Hindustan Times12-07-2025
A month since India's worst aviation accident in decades, answers of a vague nature have finally began trickling in to explain Air India flight 171's crash on June 12 this year. The London-bound Boeing 787 Dreamliner was airborne for less than 40 seconds after taking off from Ahmedabad's Sardar Vallabhbhai Patel International Airport, before it nosedived into the hostel block of the city's B. J. Medical College. The catastrophe saw only 1 survivor, Vishwas Kumar Ramesh, with the remaining 229 passengers on board, 12 crew members perishing. The on-ground casualties for the crash was estimated to be 19, bringing the total death toll to 260. AAIB preliminary report finds fuel being 'cut-off' to Air India flight 171, seconds before crash
In the early hours of July 12, the Aircraft Accident Investigation Bureau released its 15-page preliminary report, which reveals the trigger behind the crash to be quite ominous and inexplicable. As per cockpit voice recordings retrieved, one pilot realised that the fuel switches, set to 'run' when a plane takes off and is airborne, had been switched to 'cut-off'. This prompted him to ask the other pilot, "Why did you cut off?", to which the latter replied, "I did not do so". For clarity, the fuel switches of a plane are set to 'cut-off' following the plane's landing and at no point in-between.

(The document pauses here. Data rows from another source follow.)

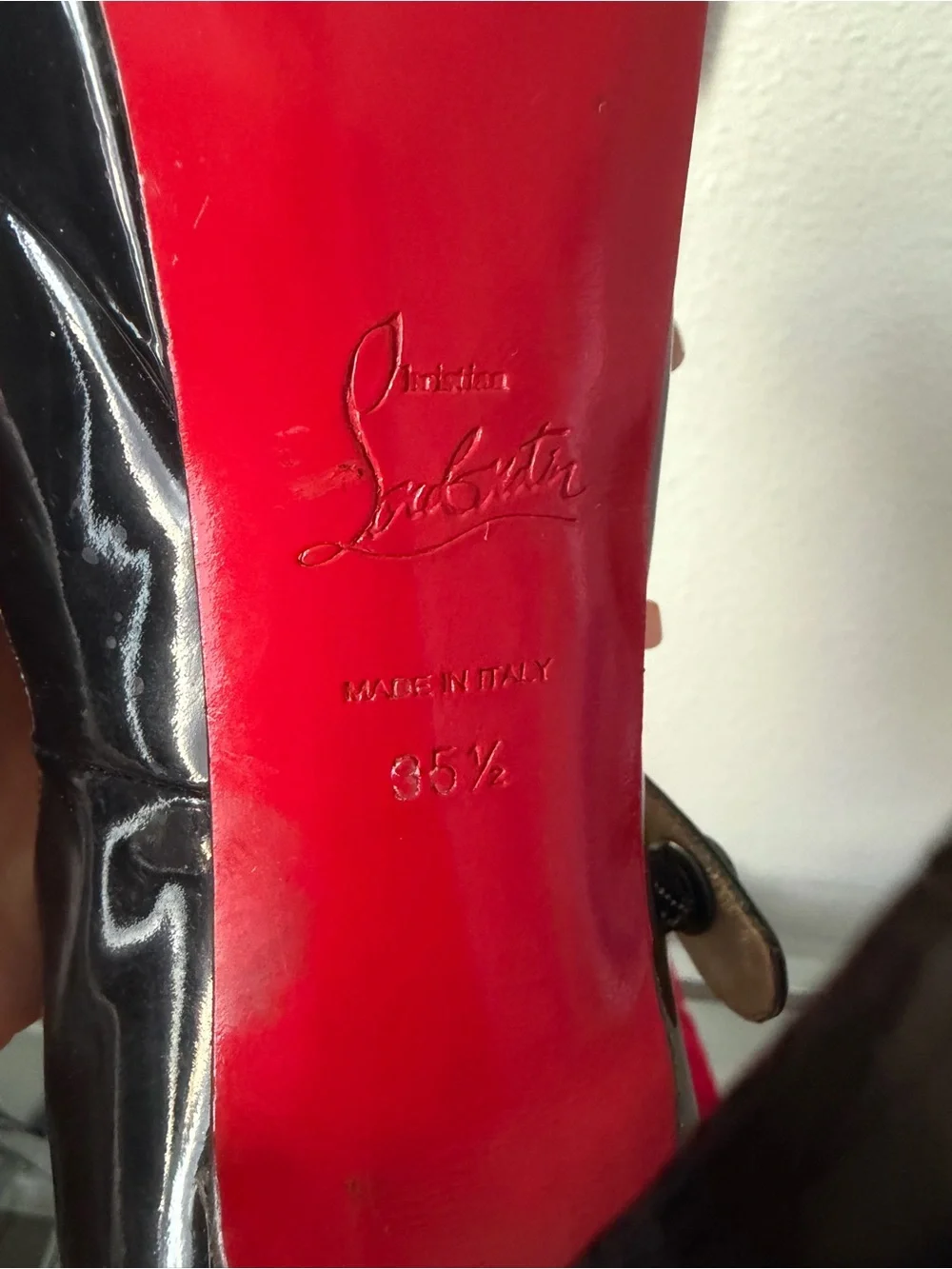 Christian Louboutin Black Patent Mary Jane Pumps with Signature Red Soles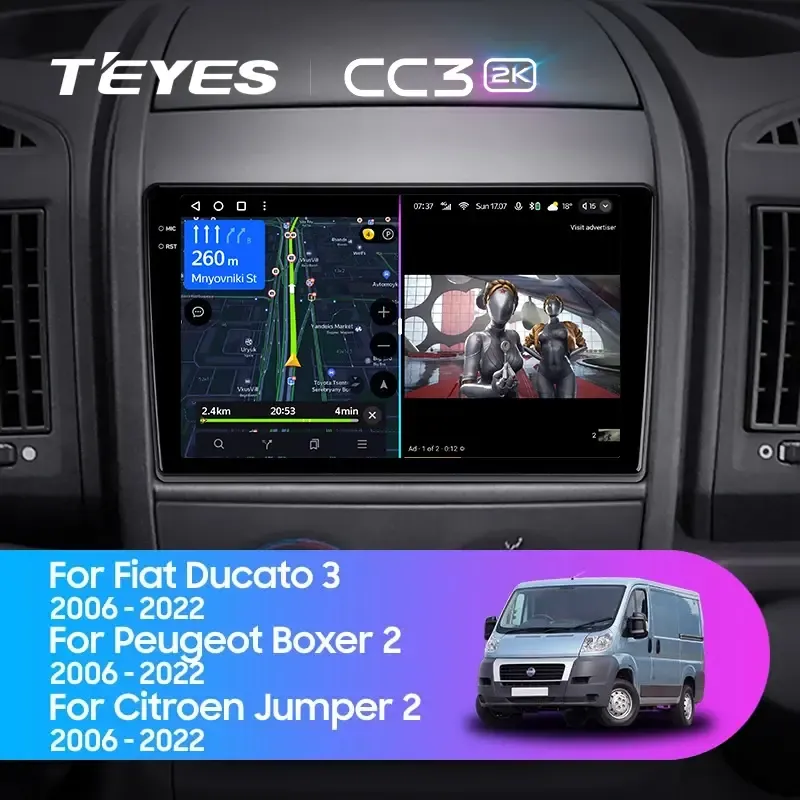 Комплект магнитолы TEYES CC3 2K 9.5" для FIAT Ducato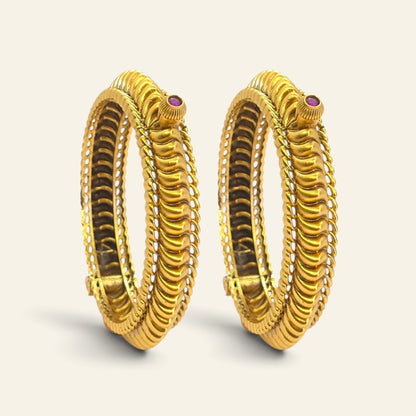 Gold-plated Shindeshahi Tode bangles showing the detailed ridged design and openable construction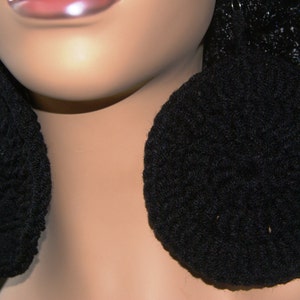 Jumbo Crochet Earrings- Black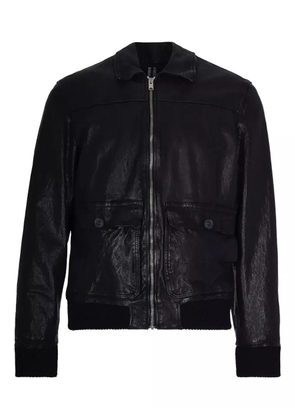 D-FOUR zip-up leather jacket - Black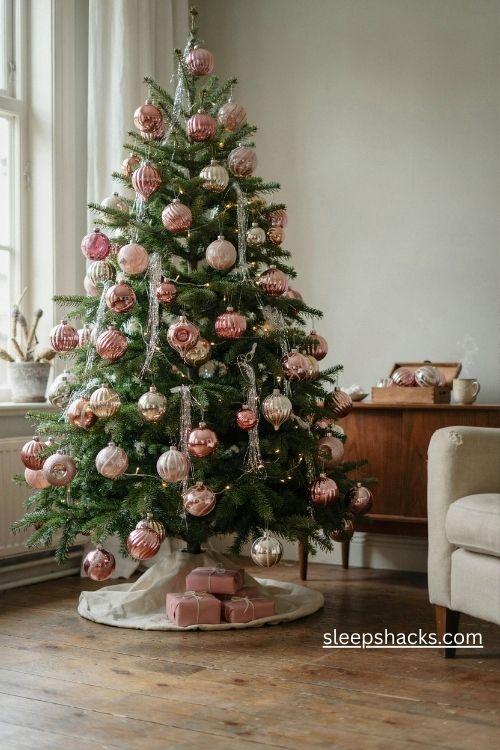 Vintage pink glass Christmas ornaments with retro stripes and silver indent details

Aviation expert John Cox has weighed in on the situation via Reuters, clarifying that a pilot could not accidentally move the fuel switches. The seemingly foolproof mechanism is actually much more nuanced. A BBC report outlines that the fuel switches are actually safeguarded with a lever-lock mechanism, specifically designed to prevent accidental activation. Speaking to them, a Canada-based air accidents investigator further affirmed, "It would be almost impossible to pull both switches with a single movement of one hand, and this makes accidental deployment unlikely".
Following the crash, Boeing, owing to its growing history of faulty aircraft, came under severe backlash. Their official statement on the matter so far reads, "We will defer to the AAIB to provide information about AI171, in adherence with the United Nations International Civil Aviation Organization protocol known as Annex 13".